When applied ACF-50 forms an 'Active' ultra-thin clear film that will kill any existing corrosion cells and will protect your bike against new corrosion forming. On areas such as switches or under the tank and seat, one application will last up to 12 months. Other more exposed areas will need topping up more regularly. ACF-50 has the ability to 'chemically neutralise road salt' and water will bead on contact and literally bounce off. Ideal for the bike that is used all year round in all weathers, a superb service spray as ACF-50 is also a lubricant and penetrant (without loosening structural attachments) and if you put your bike away for the winter, applying ACF-50 will ensure that moisture will not be allowed to cause any damage! Untreated moisture will creep into cracks and will not freely evaporate - ACF-50 actively ejects moisture from these areas.
The Facts
  • Kills existing corrosion and prevents new
  • 'ACTIVE' for up to 12 months
  • Excellent lubricant and penetrant
  • Approved for use on electrics and engines
  • Easily applied non-drying, ultra thin, clear film
  • Very economical
  • Contains no wax, silicon, Teflon or water
How to Use
ACF-50 is 95% product, hence virtually no propellant. Keep the tin in a warm environment, shake very well before use and remember a little ACF-50 goes a long way, so keep a rag handy to soak up any excess - then use the rag to help spread the product. ACF-50 has strong capillary action so will creep into all the areas that moisture can, 'actively' pushing out moisture and replacing it with protection. Go cautiously when applying to callipers to ENSURE YOU KEEP IT OFF THE BRAKES.

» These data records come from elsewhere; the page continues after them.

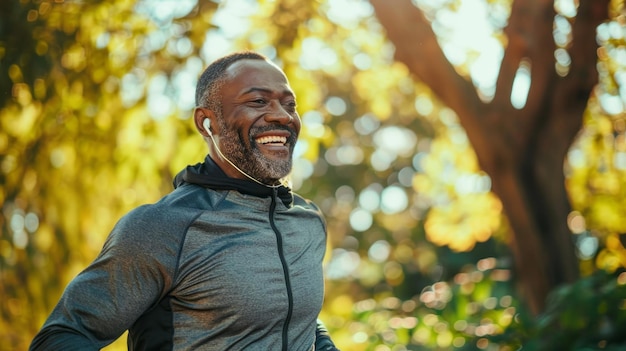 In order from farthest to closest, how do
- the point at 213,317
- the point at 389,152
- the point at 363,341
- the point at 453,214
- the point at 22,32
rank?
1. the point at 389,152
2. the point at 453,214
3. the point at 22,32
4. the point at 363,341
5. the point at 213,317

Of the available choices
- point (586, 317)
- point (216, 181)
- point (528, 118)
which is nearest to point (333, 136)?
point (528, 118)

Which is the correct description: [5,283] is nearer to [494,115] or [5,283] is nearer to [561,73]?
[494,115]

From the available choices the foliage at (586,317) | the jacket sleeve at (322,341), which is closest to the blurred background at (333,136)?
the foliage at (586,317)

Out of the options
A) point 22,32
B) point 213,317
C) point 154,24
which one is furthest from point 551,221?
point 213,317

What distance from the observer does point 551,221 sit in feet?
18.2

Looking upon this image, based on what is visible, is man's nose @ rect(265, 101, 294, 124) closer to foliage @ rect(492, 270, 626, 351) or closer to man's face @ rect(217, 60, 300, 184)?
man's face @ rect(217, 60, 300, 184)

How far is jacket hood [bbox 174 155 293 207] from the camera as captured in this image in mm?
2488

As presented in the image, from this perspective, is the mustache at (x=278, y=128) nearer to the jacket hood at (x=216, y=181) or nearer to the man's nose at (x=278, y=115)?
the man's nose at (x=278, y=115)

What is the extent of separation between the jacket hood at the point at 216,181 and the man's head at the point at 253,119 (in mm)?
48

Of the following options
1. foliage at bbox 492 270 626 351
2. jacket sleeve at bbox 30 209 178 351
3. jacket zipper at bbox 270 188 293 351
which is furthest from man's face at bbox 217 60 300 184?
foliage at bbox 492 270 626 351

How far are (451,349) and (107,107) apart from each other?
275 cm

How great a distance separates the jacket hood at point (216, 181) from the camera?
2.49 metres

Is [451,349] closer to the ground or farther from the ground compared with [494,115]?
closer to the ground

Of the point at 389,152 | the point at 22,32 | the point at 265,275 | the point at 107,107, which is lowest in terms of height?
the point at 389,152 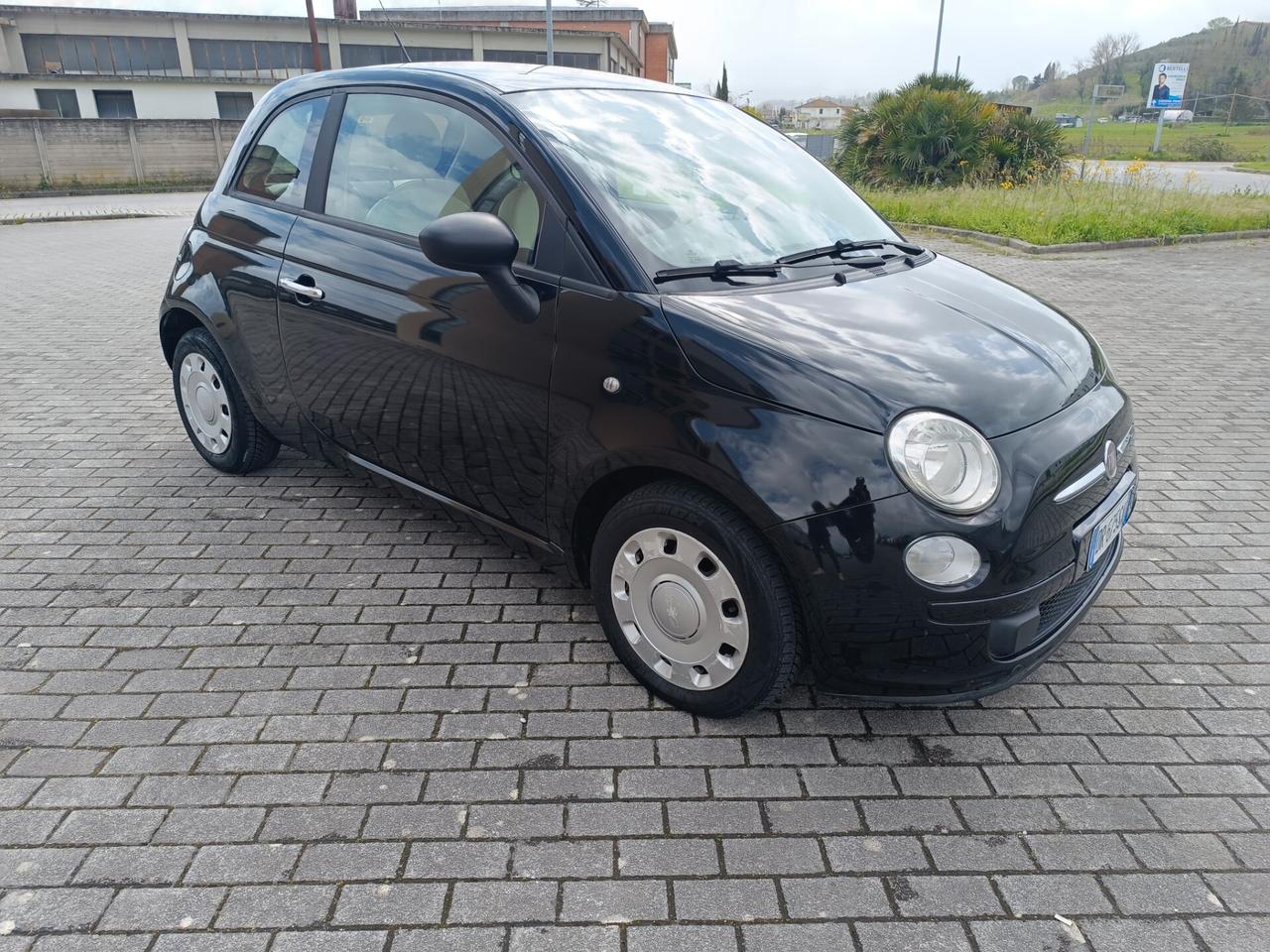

Use ACF-50 anywhere, except the brakes, on your bike including the engine and exhaust (will smoke on first start and burn off down pipes but still slows down corrosion process). Safe on paintwork, most rubbers and brings up black plastic trim a treat. ACF-50 contains no water and is approved for electrics so spray directly into electrical joints and components where it will prevent corrosion induced failures and high resistance joints. Works well at stopping dirt, mud and salt from sticking. You can come back from a winter ride with the bike 'white with salt' - a quick wash off and it's gone with the bike still protected.
Areas not in direct contact with the elements ie tank/seat areas, electrics require treating approx once a year. Other exposed areas re-apply as necessary. You can tell the product is still 'Active; as water will bead on contact...having no water content and not being water soluble ACF-50 only dissipates by being 'sacrificial' whilst stopping existing or new corrosion so just re-treat as required.
Remember, ACF-50 protects jets on US aircraft carriers! If it works for these jets in these conditions, think how well it's going to work for your bike!
What People are Saying about ACF-50
I ride a bike all year round and I have been using ACF-50 for about 18 months. My Hayabusa has not corroded and it is great on the wheels where all the road salt and grit ends up. All the alloy is corrosion free, and I will be using it straight away on my ZZR 1400 when I pick it up next week
Highly recommended
I 'discovered' ACF-50 last winter and was hoping that it was as good as the reports said. In November I gave the bike a thorough cleaning, took as many of the removable parts as possible off my BMW F800ST and gave it a good spraying. Snowy conditions aside, I commuted 300 miles per week and didn't wash the bike until the end of March. The bike was almost black. Guess what? Having removed all the layers of grime - no corrosion, the bike cleaned up like new. ACF-50 is amazing, all that's required is a strong nerve and a little faith!
1200.gs
“My mate ran this on his Fazer coated the engine, etc. Rode all winter in the wet, kept outside under a cover. Washed it off at the end of the winter, bike looked mint! Mine looked worse with only a handful of winter dry miles and garaged! Great stuff
I've used both: FS365 the winter before last and ACF50 this winter just gone. I prefer ACF50. "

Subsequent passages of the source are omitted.